Arbitration Process Issues

NLRB ORDERS DISH NETWORK TO RESCIND OR REVISE ITS ARBITRATION AGREEMENT WITH EMPLOYEES

June 7, 2017 by Michael Wolgin

Recently, the National Labor Relations Board (NLRB) ordered Dish Network, LLC to rescind or revise its arbitration agreement, finding that provisions in the agreement violated the National Labor Relations Act (NLRA).

Beginning in October 2013, Dish required all applicants for employment to sign an arbitration agreement, which required that any claim, controversy or dispute arising out of the employee’s application for employment, employment, or termination of employment shall be resolved by arbitration (the “Arbitration Agreement”). The Arbitration Agreement also required that the arbitration shall be kept confidential. There was no procedure in the Arbitration Agreement for the employee to opt out. In this particular case, the charging party, employee Brett Denney, signed the Arbitration Agreement. He was later suspended for an alleged violation of a workplace policy. Denney was directed to not discuss his suspension with his coworkers. Denney then filed a complaint with the NLRB, alleging a violation by Dish of Section 8(a)(1) of the NLRA by prohibiting him from discussing the suspension with coworkers and for maintaining and enforcing the Arbitration Agreement.

In addressing the Arbitration Agreement, the NLRB noted that an employer violates Section 8(a)(1) of the NLRA if it maintains an arbitration policy that employees would reasonably believe interferes with their ability to file a charge with the NLRB or access the NLRB’s processes. The NLRB found that Dish’s Arbitration Agreement violated Section 8(a)(1) because the employees would reasonably construe it from prohibiting them from filing NLRB charges or accessing the NLRB’s processes. The NLRB noted that the Arbitration Agreement was very broad in that it applied to “any claim, controversy, and/or dispute between them, arising out of and/or in any way related” to the employee’s application, employment or termination. Further, the NLRB found that the confidentiality requirement of the Arbitration Agreement independently violated Section 8(a)(1) because a workplace rule that prohibits discussion of terms and conditions of employment is unlawfully broad.

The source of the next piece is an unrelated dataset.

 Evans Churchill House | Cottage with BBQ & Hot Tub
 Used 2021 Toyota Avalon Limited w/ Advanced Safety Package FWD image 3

As to Dish’s instruction to Denney to not discuss the suspension with his coworkers, the NLRB also found that the instruction violated Section 8(a)(1) of the NLRA.

Under the NLRB’s order, Dish must cease and desist from using the Arbitration Agreement and must take affirmative actions to effectuate the policies of the NLRA. It also required that Dish rescind the Arbitration Agreement or revise it, making clear that it does not restrict the employee’s right to file NLRB charges or access NLRB’s processes and that it does not require confidentiality of arbitration proceedings. The NLRB also ordered Dish to notify current and former employees of the action, and post and distribute electronically notices at certain Dish locations of the action and order. Dish Network LLC and Brett Denney, No. 27-CA-158916 (NLRB April 13, 2017).

This post written by Jeanne Kohler.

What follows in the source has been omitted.